In this and any buffer command that requires a source (right side) buffer number you can use an expression for the buffer by enclosing it in parentheses, as in Buf0="<+B(X+Y)". Be careful not to confuse this with the above (K) addition, which lacks the B before the parentheses.
Subtraction, multiplication, and division work just like the above addition example, using -, *, and / operators instead of +. Addition and subtraction overflows are "clipped" to the maximum positive or negative values that fit in the data format...just under +/-2^32 (+/-2147483648.999999999). Multiplication overflow or division by zero always yield the maximum value, with the correct sign.
Exception: Zero divided by zero gives a unity result by default. You can change this behavior to give zero or maximum negative via the Posn#Z command.

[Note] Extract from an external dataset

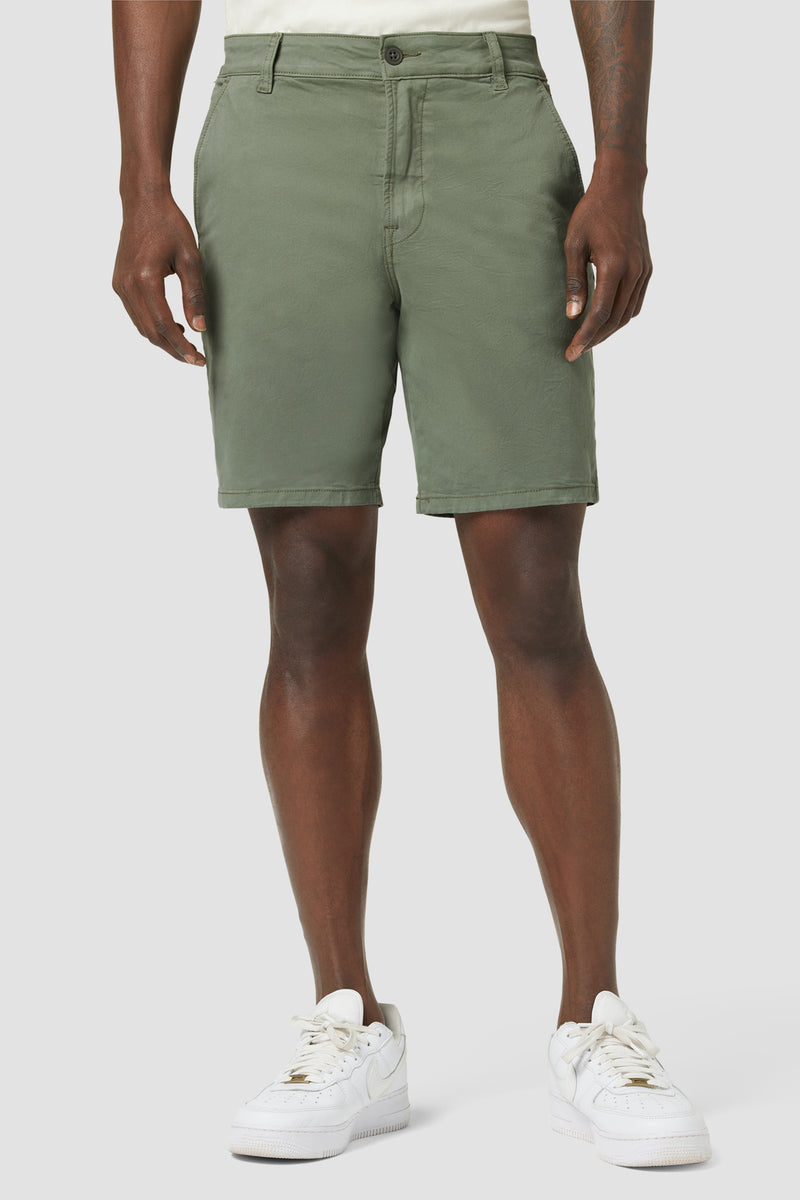 Chino Short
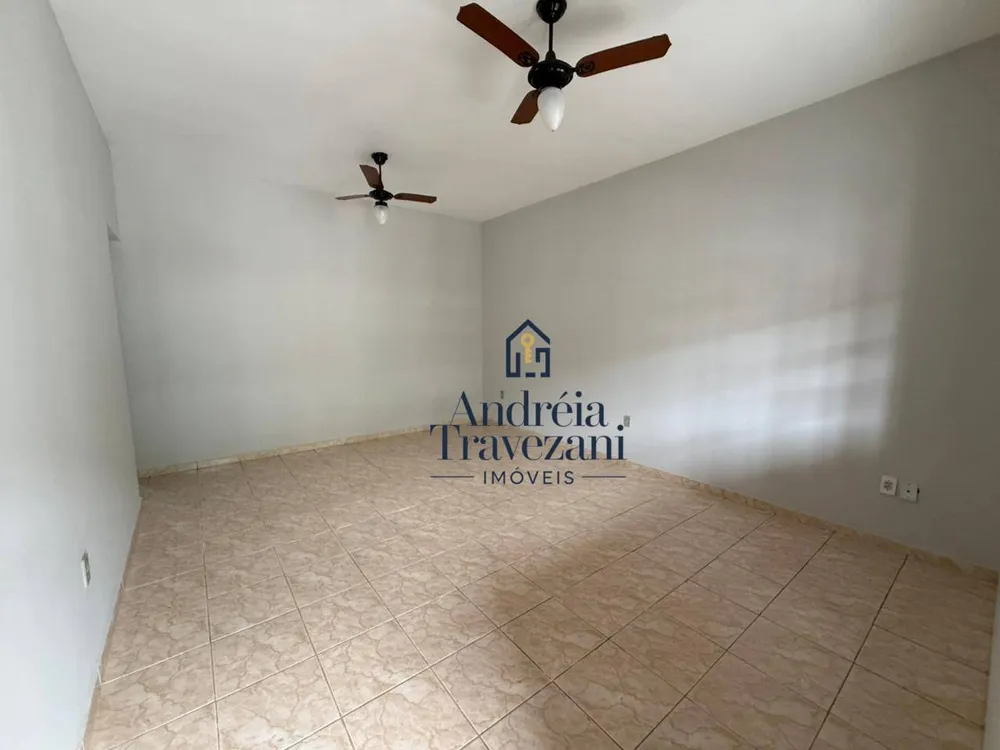 Casa, 3 quartos, 98 m² - Foto 2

Use \ instead of / for "reverse division". Buf0="<\(K)" replaces each element of Buf0 with K / Buf0. This yields the reciprocal of each element if K=1. Similarly, Buf0="<\B1" replaces each element of Buf0 with Buf1 / Buf0. Reverse division is like normal division with respect to division by zero, and also defaults to unity for zero divided by zero unless set otherwise via Posn#Z. (However, if K=0 then the array is simply filled with zeros and no division is perfomed.)
Use ~ (tilde) instead of - to perform "reverse subtraction". Buf0="<~(K)" replaces each element of Buf0 with K minus the original element value. This yields negation if K=0. Similarly, Buf0="<~B1" replaces each element of Buf0 with Buf1 - Buf0.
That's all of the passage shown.